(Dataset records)

+++

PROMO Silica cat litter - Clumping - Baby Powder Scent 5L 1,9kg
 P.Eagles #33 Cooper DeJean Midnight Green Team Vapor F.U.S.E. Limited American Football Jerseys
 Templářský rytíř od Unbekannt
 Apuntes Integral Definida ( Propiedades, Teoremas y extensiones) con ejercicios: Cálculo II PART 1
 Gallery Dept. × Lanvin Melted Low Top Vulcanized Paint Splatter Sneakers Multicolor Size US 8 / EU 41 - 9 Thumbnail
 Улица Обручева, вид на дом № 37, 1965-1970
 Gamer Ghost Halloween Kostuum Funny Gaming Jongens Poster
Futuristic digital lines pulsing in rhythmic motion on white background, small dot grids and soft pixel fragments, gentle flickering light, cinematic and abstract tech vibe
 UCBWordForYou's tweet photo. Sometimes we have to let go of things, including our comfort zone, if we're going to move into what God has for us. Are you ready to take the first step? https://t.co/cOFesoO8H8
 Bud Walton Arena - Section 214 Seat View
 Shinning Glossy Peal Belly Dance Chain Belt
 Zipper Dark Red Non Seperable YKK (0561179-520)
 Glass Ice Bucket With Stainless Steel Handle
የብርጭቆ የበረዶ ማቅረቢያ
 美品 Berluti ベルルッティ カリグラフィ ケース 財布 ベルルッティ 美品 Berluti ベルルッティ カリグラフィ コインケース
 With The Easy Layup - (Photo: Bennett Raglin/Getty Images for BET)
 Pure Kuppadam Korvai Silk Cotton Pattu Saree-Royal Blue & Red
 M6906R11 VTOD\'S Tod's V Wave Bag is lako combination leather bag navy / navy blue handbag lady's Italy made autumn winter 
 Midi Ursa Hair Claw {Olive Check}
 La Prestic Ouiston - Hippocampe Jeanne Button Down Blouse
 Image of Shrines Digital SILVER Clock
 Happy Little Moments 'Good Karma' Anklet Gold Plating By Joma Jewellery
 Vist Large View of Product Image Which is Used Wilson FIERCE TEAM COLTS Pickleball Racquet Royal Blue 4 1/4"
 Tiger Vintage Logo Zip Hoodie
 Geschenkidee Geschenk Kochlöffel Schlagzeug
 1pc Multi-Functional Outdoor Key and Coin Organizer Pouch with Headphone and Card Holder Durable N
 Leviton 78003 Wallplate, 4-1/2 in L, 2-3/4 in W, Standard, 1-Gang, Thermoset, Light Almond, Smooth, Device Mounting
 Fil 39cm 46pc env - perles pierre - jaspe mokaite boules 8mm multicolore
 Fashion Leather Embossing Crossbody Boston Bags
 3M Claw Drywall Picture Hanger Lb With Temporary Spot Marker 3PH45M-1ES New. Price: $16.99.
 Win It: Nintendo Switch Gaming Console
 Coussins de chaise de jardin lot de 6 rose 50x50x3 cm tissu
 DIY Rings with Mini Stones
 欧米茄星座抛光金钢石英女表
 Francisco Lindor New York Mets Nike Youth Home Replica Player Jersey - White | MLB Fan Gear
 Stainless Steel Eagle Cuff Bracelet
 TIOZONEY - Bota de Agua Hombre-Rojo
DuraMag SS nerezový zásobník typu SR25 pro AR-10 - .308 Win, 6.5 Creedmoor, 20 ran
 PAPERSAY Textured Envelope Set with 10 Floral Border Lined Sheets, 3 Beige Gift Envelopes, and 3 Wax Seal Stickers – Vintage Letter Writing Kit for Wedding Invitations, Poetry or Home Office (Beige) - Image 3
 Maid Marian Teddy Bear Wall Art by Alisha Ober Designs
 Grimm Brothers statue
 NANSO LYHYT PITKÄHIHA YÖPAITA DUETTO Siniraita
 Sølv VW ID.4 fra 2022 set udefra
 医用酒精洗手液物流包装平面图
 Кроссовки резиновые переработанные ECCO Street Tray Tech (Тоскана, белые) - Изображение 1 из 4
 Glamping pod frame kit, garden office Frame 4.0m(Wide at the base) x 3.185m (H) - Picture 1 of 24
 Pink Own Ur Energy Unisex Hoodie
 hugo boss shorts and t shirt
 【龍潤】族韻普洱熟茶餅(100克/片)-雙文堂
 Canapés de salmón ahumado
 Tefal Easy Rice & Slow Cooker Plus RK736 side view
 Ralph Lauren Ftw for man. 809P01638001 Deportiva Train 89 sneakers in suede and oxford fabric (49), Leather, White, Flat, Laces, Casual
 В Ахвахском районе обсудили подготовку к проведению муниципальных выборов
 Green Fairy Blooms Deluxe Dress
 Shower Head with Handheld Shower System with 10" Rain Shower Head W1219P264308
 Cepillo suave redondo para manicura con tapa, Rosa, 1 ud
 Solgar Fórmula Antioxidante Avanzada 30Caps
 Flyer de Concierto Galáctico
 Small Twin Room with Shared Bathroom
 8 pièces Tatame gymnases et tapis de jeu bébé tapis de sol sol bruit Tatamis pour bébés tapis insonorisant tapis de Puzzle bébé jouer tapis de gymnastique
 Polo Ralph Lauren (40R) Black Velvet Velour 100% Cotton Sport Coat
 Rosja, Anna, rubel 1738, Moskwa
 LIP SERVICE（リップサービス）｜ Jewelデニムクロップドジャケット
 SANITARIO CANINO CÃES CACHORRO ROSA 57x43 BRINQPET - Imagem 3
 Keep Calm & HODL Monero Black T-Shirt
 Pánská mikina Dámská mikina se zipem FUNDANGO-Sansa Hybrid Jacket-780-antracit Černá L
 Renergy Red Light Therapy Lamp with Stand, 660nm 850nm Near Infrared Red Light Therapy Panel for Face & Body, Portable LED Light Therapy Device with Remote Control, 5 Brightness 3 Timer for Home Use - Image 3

+++

**WHAT THE TASK ASKS:** Retype the records above exactly as they appear.

**WRITTEN ANSWER:**
PROMO Silica cat litter - Clumping - Baby Powder Scent 5L 1,9kg
 P.Eagles #33 Cooper DeJean Midnight Green Team Vapor F.U.S.E. Limited American Football Jerseys
 Templářský rytíř od Unbekannt
 Apuntes Integral Definida ( Propiedades, Teoremas y extensiones) con ejercicios: Cálculo II PART 1
 Gallery Dept. × Lanvin Melted Low Top Vulcanized Paint Splatter Sneakers Multicolor Size US 8 / EU 41 - 9 Thumbnail
 Улица Обручева, вид на дом № 37, 1965-1970
 Gamer Ghost Halloween Kostuum Funny Gaming Jongens Poster
Futuristic digital lines pulsing in rhythmic motion on white background, small dot grids and soft pixel fragments, gentle flickering light, cinematic and abstract tech vibe
 UCBWordForYou's tweet photo. Sometimes we have to let go of things, including our comfort zone, if we're going to move into what God has for us. Are you ready to take the first step? https://t.co/cOFesoO8H8
 Bud Walton Arena - Section 214 Seat View
 Shinning Glossy Peal Belly Dance Chain Belt
 Zipper Dark Red Non Seperable YKK (0561179-520)
 Glass Ice Bucket With Stainless Steel Handle
የብርጭቆ የበረዶ ማቅረቢያ
 美品 Berluti ベルルッティ カリグラフィ ケース 財布 ベルルッティ 美品 Berluti ベルルッティ カリグラフィ コインケース
 With The Easy Layup - (Photo: Bennett Raglin/Getty Images for BET)
 Pure Kuppadam Korvai Silk Cotton Pattu Saree-Royal Blue & Red
 M6906R11 VTOD\'S Tod's V Wave Bag is lako combination leather bag navy / navy blue handbag lady's Italy made autumn winter 
 Midi Ursa Hair Claw {Olive Check}
 La Prestic Ouiston - Hippocampe Jeanne Button Down Blouse
 Image of Shrines Digital SILVER Clock
 Happy Little Moments 'Good Karma' Anklet Gold Plating By Joma Jewellery
 Vist Large View of Product Image Which is Used Wilson FIERCE TEAM COLTS Pickleball Racquet Royal Blue 4 1/4"
 Tiger Vintage Logo Zip Hoodie
 Geschenkidee Geschenk Kochlöffel Schlagzeug
 1pc Multi-Functional Outdoor Key and Coin Organizer Pouch with Headphone and Card Holder Durable N
 Leviton 78003 Wallplate, 4-1/2 in L, 2-3/4 in W, Standard, 1-Gang, Thermoset, Light Almond, Smooth, Device Mounting
 Fil 39cm 46pc env - perles pierre - jaspe mokaite boules 8mm multicolore
 Fashion Leather Embossing Crossbody Boston Bags
 3M Claw Drywall Picture Hanger Lb With Temporary Spot Marker 3PH45M-1ES New. Price: $16.99.
 Win It: Nintendo Switch Gaming Console
 Coussins de chaise de jardin lot de 6 rose 50x50x3 cm tissu
 DIY Rings with Mini Stones
 欧米茄星座抛光金钢石英女表
 Francisco Lindor New York Mets Nike Youth Home Replica Player Jersey - White | MLB Fan Gear
 Stainless Steel Eagle Cuff Bracelet
 TIOZONEY - Bota de Agua Hombre-Rojo
DuraMag SS nerezový zásobník typu SR25 pro AR-10 - .308 Win, 6.5 Creedmoor, 20 ran
 PAPERSAY Textured Envelope Set with 10 Floral Border Lined Sheets, 3 Beige Gift Envelopes, and 3 Wax Seal Stickers – Vintage Letter Writing Kit for Wedding Invitations, Poetry or Home Office (Beige) - Image 3
 Maid Marian Teddy Bear Wall Art by Alisha Ober Designs
 Grimm Brothers statue
 NANSO LYHYT PITKÄHIHA YÖPAITA DUETTO Siniraita
 Sølv VW ID.4 fra 2022 set udefra
 医用酒精洗手液物流包装平面图
 Кроссовки резиновые переработанные ECCO Street Tray Tech (Тоскана, белые) - Изображение 1 из 4
 Glamping pod frame kit, garden office Frame 4.0m(Wide at the base) x 3.185m (H) - Picture 1 of 24
 Pink Own Ur Energy Unisex Hoodie
 hugo boss shorts and t shirt
 【龍潤】族韻普洱熟茶餅(100克/片)-雙文堂
 Canapés de salmón ahumado
 Tefal Easy Rice & Slow Cooker Plus RK736 side view
 Ralph Lauren Ftw for man. 809P01638001 Deportiva Train 89 sneakers in suede and oxford fabric (49), Leather, White, Flat, Laces, Casual
 В Ахвахском районе обсудили подготовку к проведению муниципальных выборов
 Green Fairy Blooms Deluxe Dress
 Shower Head with Handheld Shower System with 10" Rain Shower Head W1219P264308
 Cepillo suave redondo para manicura con tapa, Rosa, 1 ud
 Solgar Fórmula Antioxidante Avanzada 30Caps
 Flyer de Concierto Galáctico
 Small Twin Room with Shared Bathroom
 8 pièces Tatame gymnases et tapis de jeu bébé tapis de sol sol bruit Tatamis pour bébés tapis insonorisant tapis de Puzzle bébé jouer tapis de gymnastique
 Polo Ralph Lauren (40R) Black Velvet Velour 100% Cotton Sport Coat
 Rosja, Anna, rubel 1738, Moskwa
 LIP SERVICE（リップサービス）｜ Jewelデニムクロップドジャケット
 SANITARIO CANINO CÃES CACHORRO ROSA 57x43 BRINQPET - Imagem 3
 Keep Calm & HODL Monero Black T-Shirt
 Pánská mikina Dámská mikina se zipem FUNDANGO-Sansa Hybrid Jacket-780-antracit Černá L
 Renergy Red Light Therapy Lamp with Stand, 660nm 850nm Near Infrared Red Light Therapy Panel for Face & Body, Portable LED Light Therapy Device with Remote Control, 5 Brightness 3 Timer for Home Use - Image 3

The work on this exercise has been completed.